[DATA EXTRACTS — start]

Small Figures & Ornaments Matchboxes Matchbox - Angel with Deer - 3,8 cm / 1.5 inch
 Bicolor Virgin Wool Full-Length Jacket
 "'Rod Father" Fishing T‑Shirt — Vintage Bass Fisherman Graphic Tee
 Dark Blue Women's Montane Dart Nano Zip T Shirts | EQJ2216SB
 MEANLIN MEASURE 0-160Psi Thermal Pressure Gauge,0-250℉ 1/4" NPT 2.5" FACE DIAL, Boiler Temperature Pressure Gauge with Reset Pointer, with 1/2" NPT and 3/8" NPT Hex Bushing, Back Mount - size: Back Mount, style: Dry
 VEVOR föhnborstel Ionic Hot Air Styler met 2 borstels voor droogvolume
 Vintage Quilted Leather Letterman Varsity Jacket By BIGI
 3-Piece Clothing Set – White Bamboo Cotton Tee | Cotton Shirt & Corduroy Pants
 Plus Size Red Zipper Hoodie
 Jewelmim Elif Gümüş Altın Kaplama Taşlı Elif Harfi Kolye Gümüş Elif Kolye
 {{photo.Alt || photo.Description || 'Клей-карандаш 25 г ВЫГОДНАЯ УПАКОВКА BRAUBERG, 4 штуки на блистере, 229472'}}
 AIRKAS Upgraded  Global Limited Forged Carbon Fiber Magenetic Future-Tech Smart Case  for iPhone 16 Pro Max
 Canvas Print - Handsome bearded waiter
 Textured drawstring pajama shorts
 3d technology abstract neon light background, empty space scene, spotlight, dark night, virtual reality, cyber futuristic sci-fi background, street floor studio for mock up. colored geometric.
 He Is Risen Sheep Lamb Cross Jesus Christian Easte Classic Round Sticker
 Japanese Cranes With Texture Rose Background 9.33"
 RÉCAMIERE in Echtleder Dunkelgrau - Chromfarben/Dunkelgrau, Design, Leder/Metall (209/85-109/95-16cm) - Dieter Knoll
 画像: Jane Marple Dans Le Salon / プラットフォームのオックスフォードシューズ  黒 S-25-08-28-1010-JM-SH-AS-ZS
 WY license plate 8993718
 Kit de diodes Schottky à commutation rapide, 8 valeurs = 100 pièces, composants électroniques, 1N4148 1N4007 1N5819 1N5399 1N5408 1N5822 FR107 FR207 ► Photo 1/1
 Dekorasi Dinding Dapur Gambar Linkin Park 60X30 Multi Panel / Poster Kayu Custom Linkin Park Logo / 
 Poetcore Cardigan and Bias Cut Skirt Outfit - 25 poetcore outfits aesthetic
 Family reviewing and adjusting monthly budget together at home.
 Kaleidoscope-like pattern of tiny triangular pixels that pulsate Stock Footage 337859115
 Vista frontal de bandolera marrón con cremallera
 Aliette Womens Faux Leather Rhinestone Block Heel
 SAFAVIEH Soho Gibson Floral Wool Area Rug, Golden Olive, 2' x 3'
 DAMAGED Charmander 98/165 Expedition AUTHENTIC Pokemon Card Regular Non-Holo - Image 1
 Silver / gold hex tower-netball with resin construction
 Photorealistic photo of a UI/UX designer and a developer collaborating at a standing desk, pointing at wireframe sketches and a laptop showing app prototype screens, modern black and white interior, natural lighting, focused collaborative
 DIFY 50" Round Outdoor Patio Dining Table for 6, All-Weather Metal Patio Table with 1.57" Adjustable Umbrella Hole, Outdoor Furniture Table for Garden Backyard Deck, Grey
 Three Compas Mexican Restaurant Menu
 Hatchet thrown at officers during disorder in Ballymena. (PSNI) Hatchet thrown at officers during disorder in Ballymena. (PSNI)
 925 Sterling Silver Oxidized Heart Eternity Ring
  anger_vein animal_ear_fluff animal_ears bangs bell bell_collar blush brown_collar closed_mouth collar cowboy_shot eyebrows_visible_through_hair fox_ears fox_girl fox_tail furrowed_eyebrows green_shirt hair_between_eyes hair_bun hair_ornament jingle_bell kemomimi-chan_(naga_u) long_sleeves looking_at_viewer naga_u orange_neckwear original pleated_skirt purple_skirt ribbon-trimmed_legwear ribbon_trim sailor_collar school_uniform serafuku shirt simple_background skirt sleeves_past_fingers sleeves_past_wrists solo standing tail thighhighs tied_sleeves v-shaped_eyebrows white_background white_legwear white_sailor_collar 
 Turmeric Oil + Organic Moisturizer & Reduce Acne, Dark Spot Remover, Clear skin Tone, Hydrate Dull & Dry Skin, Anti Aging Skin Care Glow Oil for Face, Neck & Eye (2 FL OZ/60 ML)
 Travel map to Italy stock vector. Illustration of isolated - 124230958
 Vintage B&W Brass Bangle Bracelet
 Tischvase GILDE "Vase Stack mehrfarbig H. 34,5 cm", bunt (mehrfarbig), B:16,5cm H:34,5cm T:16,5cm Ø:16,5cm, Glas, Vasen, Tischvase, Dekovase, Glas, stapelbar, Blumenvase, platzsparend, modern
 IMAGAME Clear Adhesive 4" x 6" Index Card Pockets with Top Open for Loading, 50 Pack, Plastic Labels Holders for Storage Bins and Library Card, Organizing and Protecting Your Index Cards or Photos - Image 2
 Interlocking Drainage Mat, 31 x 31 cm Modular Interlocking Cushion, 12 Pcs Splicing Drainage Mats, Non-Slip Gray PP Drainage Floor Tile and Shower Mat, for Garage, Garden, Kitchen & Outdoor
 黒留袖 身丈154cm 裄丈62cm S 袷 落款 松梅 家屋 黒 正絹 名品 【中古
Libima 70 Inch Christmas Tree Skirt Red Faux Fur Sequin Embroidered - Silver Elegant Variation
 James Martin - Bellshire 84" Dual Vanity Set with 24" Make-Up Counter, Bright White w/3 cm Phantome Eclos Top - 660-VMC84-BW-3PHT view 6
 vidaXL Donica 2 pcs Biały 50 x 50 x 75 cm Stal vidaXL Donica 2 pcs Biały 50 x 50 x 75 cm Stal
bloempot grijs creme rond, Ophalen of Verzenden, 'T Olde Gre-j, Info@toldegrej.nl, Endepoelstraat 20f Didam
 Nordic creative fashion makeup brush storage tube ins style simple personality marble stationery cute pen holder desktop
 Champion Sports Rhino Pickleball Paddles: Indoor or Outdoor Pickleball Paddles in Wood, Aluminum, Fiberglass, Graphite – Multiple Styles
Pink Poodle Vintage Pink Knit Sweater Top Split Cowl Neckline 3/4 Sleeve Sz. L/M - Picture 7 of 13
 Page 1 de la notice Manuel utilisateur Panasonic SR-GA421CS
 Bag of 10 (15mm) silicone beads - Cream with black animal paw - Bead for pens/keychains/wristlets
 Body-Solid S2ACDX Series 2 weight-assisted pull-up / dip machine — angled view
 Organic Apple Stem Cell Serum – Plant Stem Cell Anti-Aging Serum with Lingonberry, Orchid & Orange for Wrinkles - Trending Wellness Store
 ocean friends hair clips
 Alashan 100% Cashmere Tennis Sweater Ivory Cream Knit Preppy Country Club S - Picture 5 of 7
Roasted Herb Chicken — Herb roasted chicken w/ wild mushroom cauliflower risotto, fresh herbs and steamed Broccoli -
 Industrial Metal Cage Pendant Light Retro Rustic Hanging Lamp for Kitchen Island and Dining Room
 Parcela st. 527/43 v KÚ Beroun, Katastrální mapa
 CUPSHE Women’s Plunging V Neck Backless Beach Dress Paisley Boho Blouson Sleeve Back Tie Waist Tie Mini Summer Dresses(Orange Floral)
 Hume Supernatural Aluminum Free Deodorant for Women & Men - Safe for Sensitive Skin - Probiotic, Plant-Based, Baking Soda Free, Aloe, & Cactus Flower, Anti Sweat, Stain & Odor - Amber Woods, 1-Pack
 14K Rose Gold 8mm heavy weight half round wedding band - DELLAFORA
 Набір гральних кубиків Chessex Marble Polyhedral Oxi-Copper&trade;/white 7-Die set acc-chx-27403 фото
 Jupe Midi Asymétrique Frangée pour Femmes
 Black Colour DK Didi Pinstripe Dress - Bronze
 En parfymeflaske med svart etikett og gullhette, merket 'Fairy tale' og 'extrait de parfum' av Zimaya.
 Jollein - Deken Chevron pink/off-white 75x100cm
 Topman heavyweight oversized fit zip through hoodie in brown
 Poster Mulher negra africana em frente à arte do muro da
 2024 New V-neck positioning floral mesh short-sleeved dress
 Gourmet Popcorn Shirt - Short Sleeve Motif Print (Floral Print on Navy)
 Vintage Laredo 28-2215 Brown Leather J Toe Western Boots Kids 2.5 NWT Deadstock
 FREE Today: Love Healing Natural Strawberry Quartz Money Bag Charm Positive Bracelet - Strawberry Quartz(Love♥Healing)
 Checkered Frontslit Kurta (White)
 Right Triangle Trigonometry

[DATA EXTRACTS — finish]

Your answer must consist solely of the lines above between the line holding "Aliette Womens Faux" and the line holding "Silver / gold", inclusive, copied exactly.

▸ **REPLY TO THE TASK**
 Aliette Womens Faux Leather Rhinestone Block Heel
 SAFAVIEH Soho Gibson Floral Wool Area Rug, Golden Olive, 2' x 3'
 DAMAGED Charmander 98/165 Expedition AUTHENTIC Pokemon Card Regular Non-Holo - Image 1
 Silver / gold hex tower-netball with resin construction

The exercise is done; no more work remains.